# Exercise requirements
Could you reproduce all of the records exactly?

[Data shown — start]

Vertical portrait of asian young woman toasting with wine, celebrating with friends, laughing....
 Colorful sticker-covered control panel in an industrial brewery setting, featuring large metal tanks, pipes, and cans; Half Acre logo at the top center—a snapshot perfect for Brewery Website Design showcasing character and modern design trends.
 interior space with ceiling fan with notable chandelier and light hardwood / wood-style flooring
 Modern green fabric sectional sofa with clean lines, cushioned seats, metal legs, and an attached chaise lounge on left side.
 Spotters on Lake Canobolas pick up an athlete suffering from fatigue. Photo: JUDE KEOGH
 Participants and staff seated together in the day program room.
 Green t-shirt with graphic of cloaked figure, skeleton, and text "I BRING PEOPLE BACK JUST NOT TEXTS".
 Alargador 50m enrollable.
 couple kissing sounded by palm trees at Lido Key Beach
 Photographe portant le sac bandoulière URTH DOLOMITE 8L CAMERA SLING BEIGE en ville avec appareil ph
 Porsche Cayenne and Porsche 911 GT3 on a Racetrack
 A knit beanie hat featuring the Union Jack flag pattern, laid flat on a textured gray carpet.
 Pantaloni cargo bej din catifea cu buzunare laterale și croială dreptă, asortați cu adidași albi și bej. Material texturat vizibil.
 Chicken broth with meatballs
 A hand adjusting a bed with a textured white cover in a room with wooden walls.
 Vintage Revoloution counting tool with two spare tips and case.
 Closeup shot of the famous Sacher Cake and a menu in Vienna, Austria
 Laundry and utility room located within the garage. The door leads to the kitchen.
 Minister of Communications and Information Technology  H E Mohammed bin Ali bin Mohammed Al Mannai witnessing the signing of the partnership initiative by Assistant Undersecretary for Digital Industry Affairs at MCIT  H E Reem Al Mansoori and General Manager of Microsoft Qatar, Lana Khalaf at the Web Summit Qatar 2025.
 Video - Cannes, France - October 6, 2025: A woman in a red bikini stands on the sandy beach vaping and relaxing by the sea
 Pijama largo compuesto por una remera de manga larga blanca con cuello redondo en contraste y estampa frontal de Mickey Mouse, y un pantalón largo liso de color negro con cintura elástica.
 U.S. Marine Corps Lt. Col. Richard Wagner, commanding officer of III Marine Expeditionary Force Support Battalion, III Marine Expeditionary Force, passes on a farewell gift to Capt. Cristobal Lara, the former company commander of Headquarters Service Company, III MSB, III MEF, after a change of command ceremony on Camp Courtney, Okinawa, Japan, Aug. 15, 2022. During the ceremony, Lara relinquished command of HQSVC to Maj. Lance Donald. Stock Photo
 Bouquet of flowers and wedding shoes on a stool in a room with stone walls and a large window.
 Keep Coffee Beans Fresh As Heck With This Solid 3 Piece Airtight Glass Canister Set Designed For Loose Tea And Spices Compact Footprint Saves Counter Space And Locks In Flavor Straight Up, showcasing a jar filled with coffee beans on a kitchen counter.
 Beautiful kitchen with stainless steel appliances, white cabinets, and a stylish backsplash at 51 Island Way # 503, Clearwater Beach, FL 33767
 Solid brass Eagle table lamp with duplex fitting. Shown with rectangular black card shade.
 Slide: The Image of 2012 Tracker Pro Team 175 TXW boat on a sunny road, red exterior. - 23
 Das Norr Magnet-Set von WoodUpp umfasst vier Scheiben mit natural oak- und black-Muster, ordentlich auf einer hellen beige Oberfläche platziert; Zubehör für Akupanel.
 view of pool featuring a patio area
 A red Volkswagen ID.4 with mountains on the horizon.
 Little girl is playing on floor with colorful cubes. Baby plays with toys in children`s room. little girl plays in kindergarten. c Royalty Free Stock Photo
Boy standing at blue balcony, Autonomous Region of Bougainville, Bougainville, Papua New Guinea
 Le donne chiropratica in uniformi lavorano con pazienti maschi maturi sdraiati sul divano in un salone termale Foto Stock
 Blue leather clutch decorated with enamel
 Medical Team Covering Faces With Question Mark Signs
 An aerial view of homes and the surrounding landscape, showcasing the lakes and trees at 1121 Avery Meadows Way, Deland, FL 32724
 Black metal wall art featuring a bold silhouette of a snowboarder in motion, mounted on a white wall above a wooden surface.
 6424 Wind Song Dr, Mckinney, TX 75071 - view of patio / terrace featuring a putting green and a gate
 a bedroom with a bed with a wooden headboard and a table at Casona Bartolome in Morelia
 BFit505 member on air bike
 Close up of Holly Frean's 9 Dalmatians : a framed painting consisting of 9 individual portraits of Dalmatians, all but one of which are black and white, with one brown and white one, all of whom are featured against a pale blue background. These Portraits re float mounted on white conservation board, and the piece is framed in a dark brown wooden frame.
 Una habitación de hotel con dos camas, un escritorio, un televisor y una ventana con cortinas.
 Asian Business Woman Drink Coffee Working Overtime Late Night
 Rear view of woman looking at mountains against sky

[Data shown — finish]

# Reply
Vertical portrait of asian young woman toasting with wine, celebrating with friends, laughing....
 Colorful sticker-covered control panel in an industrial brewery setting, featuring large metal tanks, pipes, and cans; Half Acre logo at the top center—a snapshot perfect for Brewery Website Design showcasing character and modern design trends.
 interior space with ceiling fan with notable chandelier and light hardwood / wood-style flooring
 Modern green fabric sectional sofa with clean lines, cushioned seats, metal legs, and an attached chaise lounge on left side.
 Spotters on Lake Canobolas pick up an athlete suffering from fatigue. Photo: JUDE KEOGH
 Participants and staff seated together in the day program room.
 Green t-shirt with graphic of cloaked figure, skeleton, and text "I BRING PEOPLE BACK JUST NOT TEXTS".
 Alargador 50m enrollable.
 couple kissing sounded by palm trees at Lido Key Beach
 Photographe portant le sac bandoulière URTH DOLOMITE 8L CAMERA SLING BEIGE en ville avec appareil ph
 Porsche Cayenne and Porsche 911 GT3 on a Racetrack
 A knit beanie hat featuring the Union Jack flag pattern, laid flat on a textured gray carpet.
 Pantaloni cargo bej din catifea cu buzunare laterale și croială dreptă, asortați cu adidași albi și bej. Material texturat vizibil.
 Chicken broth with meatballs
 A hand adjusting a bed with a textured white cover in a room with wooden walls.
 Vintage Revoloution counting tool with two spare tips and case.
 Closeup shot of the famous Sacher Cake and a menu in Vienna, Austria
 Laundry and utility room located within the garage. The door leads to the kitchen.
 Minister of Communications and Information Technology  H E Mohammed bin Ali bin Mohammed Al Mannai witnessing the signing of the partnership initiative by Assistant Undersecretary for Digital Industry Affairs at MCIT  H E Reem Al Mansoori and General Manager of Microsoft Qatar, Lana Khalaf at the Web Summit Qatar 2025.
 Video - Cannes, France - October 6, 2025: A woman in a red bikini stands on the sandy beach vaping and relaxing by the sea
 Pijama largo compuesto por una remera de manga larga blanca con cuello redondo en contraste y estampa frontal de Mickey Mouse, y un pantalón largo liso de color negro con cintura elástica.
 U.S. Marine Corps Lt. Col. Richard Wagner, commanding officer of III Marine Expeditionary Force Support Battalion, III Marine Expeditionary Force, passes on a farewell gift to Capt. Cristobal Lara, the former company commander of Headquarters Service Company, III MSB, III MEF, after a change of command ceremony on Camp Courtney, Okinawa, Japan, Aug. 15, 2022. During the ceremony, Lara relinquished command of HQSVC to Maj. Lance Donald. Stock Photo
 Bouquet of flowers and wedding shoes on a stool in a room with stone walls and a large window.
 Keep Coffee Beans Fresh As Heck With This Solid 3 Piece Airtight Glass Canister Set Designed For Loose Tea And Spices Compact Footprint Saves Counter Space And Locks In Flavor Straight Up, showcasing a jar filled with coffee beans on a kitchen counter.
 Beautiful kitchen with stainless steel appliances, white cabinets, and a stylish backsplash at 51 Island Way # 503, Clearwater Beach, FL 33767
 Solid brass Eagle table lamp with duplex fitting. Shown with rectangular black card shade.
 Slide: The Image of 2012 Tracker Pro Team 175 TXW boat on a sunny road, red exterior. - 23
 Das Norr Magnet-Set von WoodUpp umfasst vier Scheiben mit natural oak- und black-Muster, ordentlich auf einer hellen beige Oberfläche platziert; Zubehör für Akupanel.
 view of pool featuring a patio area
 A red Volkswagen ID.4 with mountains on the horizon.
 Little girl is playing on floor with colorful cubes. Baby plays with toys in children`s room. little girl plays in kindergarten. c Royalty Free Stock Photo
Boy standing at blue balcony, Autonomous Region of Bougainville, Bougainville, Papua New Guinea
 Le donne chiropratica in uniformi lavorano con pazienti maschi maturi sdraiati sul divano in un salone termale Foto Stock
 Blue leather clutch decorated with enamel
 Medical Team Covering Faces With Question Mark Signs
 An aerial view of homes and the surrounding landscape, showcasing the lakes and trees at 1121 Avery Meadows Way, Deland, FL 32724
 Black metal wall art featuring a bold silhouette of a snowboarder in motion, mounted on a white wall above a wooden surface.
 6424 Wind Song Dr, Mckinney, TX 75071 - view of patio / terrace featuring a putting green and a gate
 a bedroom with a bed with a wooden headboard and a table at Casona Bartolome in Morelia
 BFit505 member on air bike
 Close up of Holly Frean's 9 Dalmatians : a framed painting consisting of 9 individual portraits of Dalmatians, all but one of which are black and white, with one brown and white one, all of whom are featured against a pale blue background. These Portraits re float mounted on white conservation board, and the piece is framed in a dark brown wooden frame.
 Una habitación de hotel con dos camas, un escritorio, un televisor y una ventana con cortinas.
 Asian Business Woman Drink Coffee Working Overtime Late Night
 Rear view of woman looking at mountains against sky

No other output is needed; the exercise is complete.